Jyoti Rawat
Jyoti Rawat

Reputation: 21

DataTypes and format specifier

Why the value of the input variable is set to zero if I pass incorrectly ordered type specifier for id variable?

#include <stdio.h>
#include <stdlib.h>
#include<string.h>
#define MAX 100
int main()
{
    int i=0;
    int input;
    char *name=(char *)malloc(sizeof(char)*MAX);
    unsigned short int id;

    printf("\nPlease enter input:\t");
    scanf("%d", &input);
    getchar();//to take \n

    printf("\nEnter name.....\n");
    fgets(name,MAX,stdin);

    printf("\nEnter id: ");
    scanf("%uh",&id);//type specifier should have been %hu
    printf("%d",input);//value set to 0?
}

Why is input being overridden by scanf("%uh", &id) ?

Upvotes: 0

Views: 215

Answers (3)

Adrian Mole
Adrian Mole

Reputation: 51815

EDIT (After re-reading question/comments):

Mentat has nailed the problem! I'll leave some fragments of my original answer, with some additions ...

(1) The warning about using %uh should be accepted at face value: to input a short integer (signed or unsigned), you need the h modifier before the type specifier (u or d) - that's just the way scanf format specifiers work.

(2) Your code happens to work on MSVC, so I missed the point. With clang-cl I found your error: As the h size modifier is being ignored, the value read in by '%uh' is a (long or 32-bit) unsigned, which is being written to memory that you've allocated as a short (16-bit) unsigned.
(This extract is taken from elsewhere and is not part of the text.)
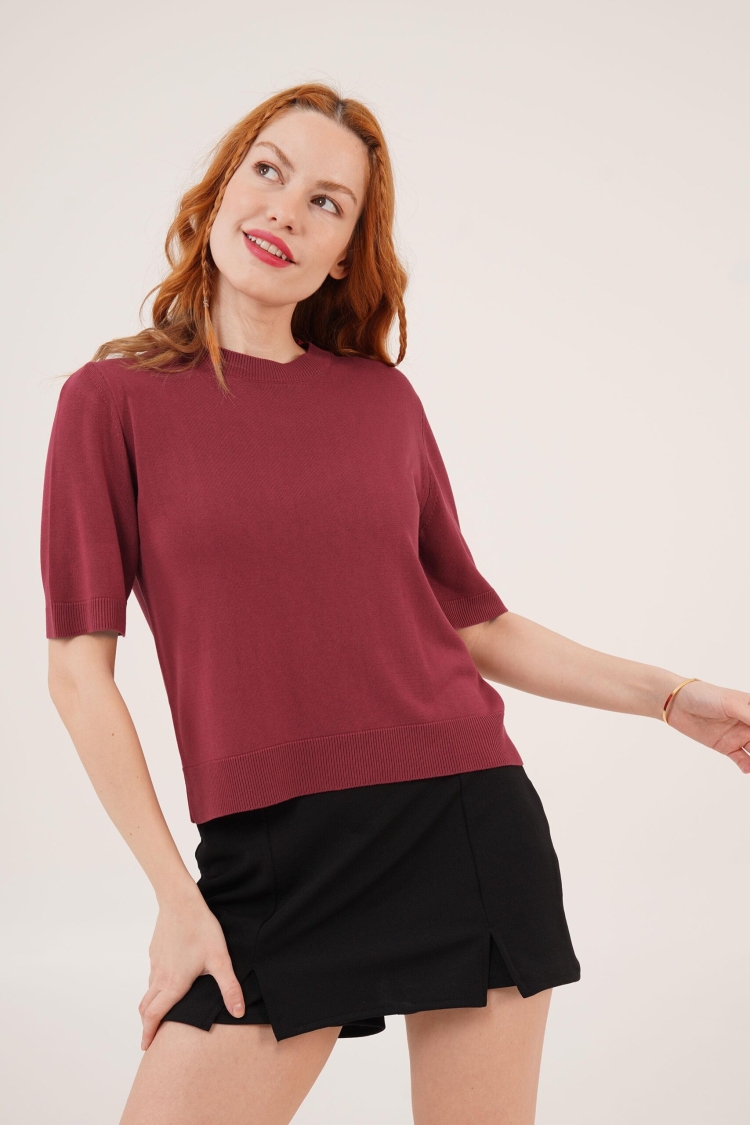 Half Sleeve Round Neck Lycra Wholesale Slim Burgundy Knitwear Blouse - Brand: Lustrin - Women & Kids, Baby Clothes Wholesale - TheBS Women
As it happens, that variable (id)is in memory next to input, so part of input is being overwritten by the high 16-bits of the 32-bit unsigned you are writing to id.

(3) Try entering a value of 65537 for your first input and then the value will still be modified (probably to 65536), but not cleared to zero.
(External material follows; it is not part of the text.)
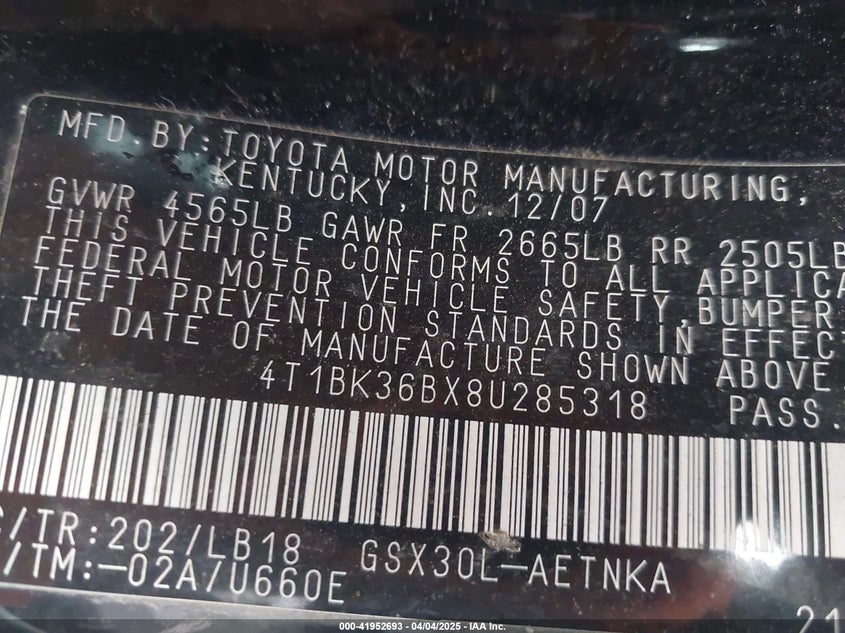2008 TOYOTA AVALON VIN: 4T1BK36BX8U285318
(4) Recommend: Accept and upvote the answer from Mentat. Feel free to downvote my answer!

Yours, humbly!

Upvotes: 0

Mentat
Mentat

Reputation: 381

Jyoti Rawat

You have what I call a memory over run error. Microsoft (Visual Studio) calls it:

"Stack around the variable ‘id’ was corrupted"

Not all computer systems treat memory over runs errors the same. Visual Studio/Windows catch this error and throw an exception.

enter image description here

OpenVMS would just execute the instruction and then continue on to the next instruction. In either case, if the program continues, its behavior will be undefined.

In English, you are writing more bits of data into a variable that cannot contain it. The extra bits are written to other memory locations not assigned to the variable. As mention by chux, statements that follow will have undefined behavior.

Solution:

As you already know and mention by others, change the format specifier from "uh" to "hu".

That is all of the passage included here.